Anti-inflammatory effect of retinoic acid on experimental autoimmune uveoretinitis

ArticleinThe British journal of ophthalmology 94(6):802-7 · December 2009with11 Reads
Impact Factor: 2.98 · DOI: 10.1136/bjo.2009.171314 · Source: PubMed


    To determine whether an active metabolite of vitamin A, all-trans retinoic acid (ATRA), reduces inflammation in experimental autoimmune uveoretinitis (EAU).
    Naive CD4(+) T cells were activated with anti-CD3, anti-CD28 and transforming growth factor (TGF)-beta, in the presence or absence of ATRA. Intracellular expression of transcription factor forkhead box P3 (Foxp3) and interleukin (IL)-17 in the activated CD4(+) T cells was assessed by flow cytometry. C57BL/6 mice were immunised with human interphotoreceptor retinoid binding protein peptide 1-20 (IRBP(1-20)). ATRA was administered intraperitoneally every other day (0.2 mg/mouse per day) from day 0 to day 21. In vivo-primed draining lymph node cells from vehicle-treated or ATRA-treated mice were stimulated with IRBP(1-20) and the culture supernatant fraction was harvested for assay of interferon (IFN)-gamma and IL-17 by ELISA.

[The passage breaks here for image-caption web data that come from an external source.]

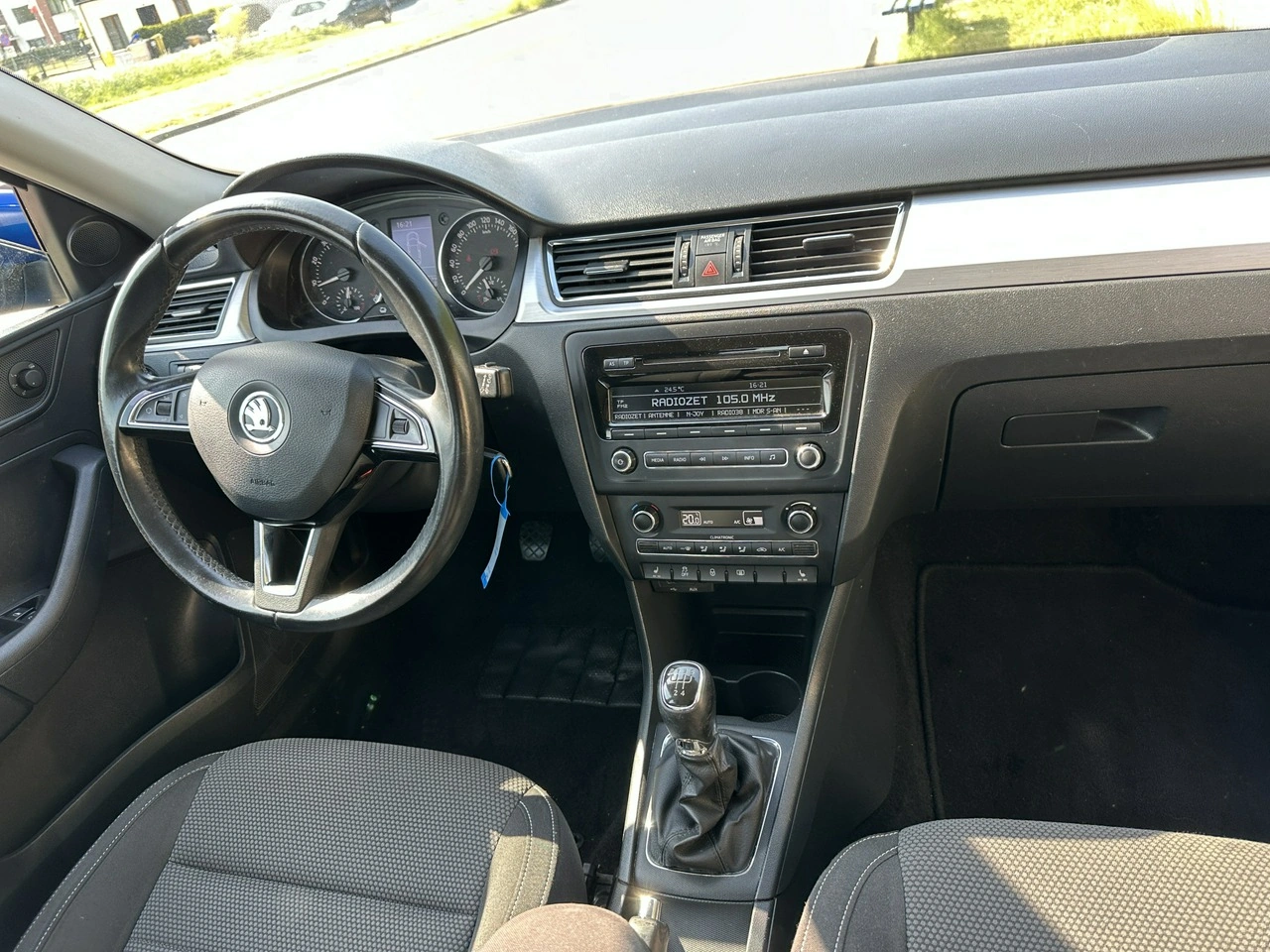 Skoda RAPID - Zdjęcie 11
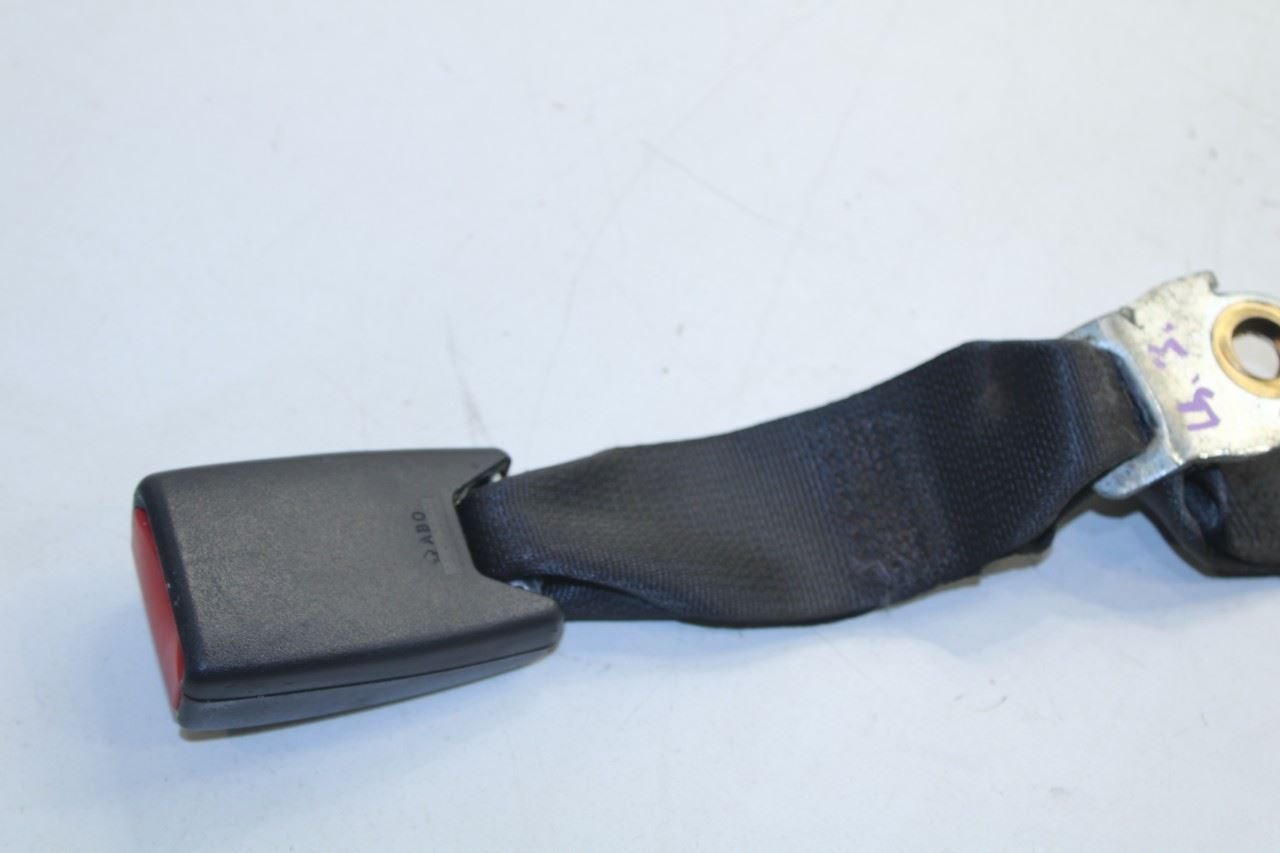 2014 Dodge Challenger SXT Rear Center 2nd Row Seat Belt Retractor w/ Belt Buckle - Alshned Auto Parts
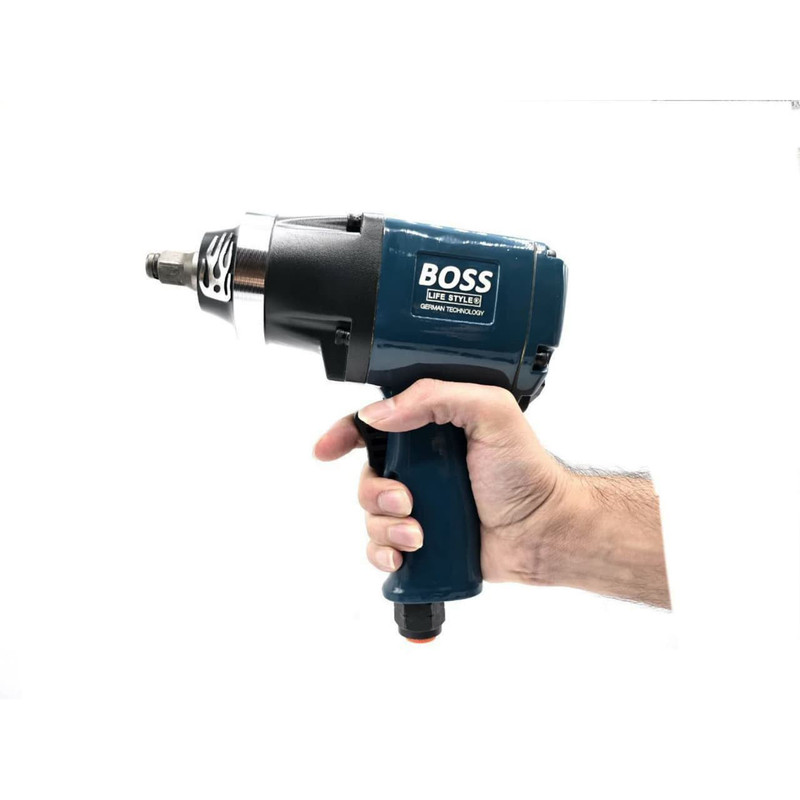 آچار بکس بادی باس مدل BS123MT192_2 مجموعه 14 عددی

    ATRA synergised with TGF-beta to induce Foxp3(+) T regulatory cells (Treg) and reciprocally inhibited development of IL-17-producing T helper cells (Th17) induced by TGF-beta and IL-6. ATRA treatment reduced the severity of EAU clinically, and IFN-gamma and IL-17 production were significantly reduced in ATRA-treated mice.
    These findings demonstrate that ATRA treatment ameliorates severity of EAU and reduces the Th1/Th17 responses. ATRA may represent a new therapeutic modality for human refractory uveitis.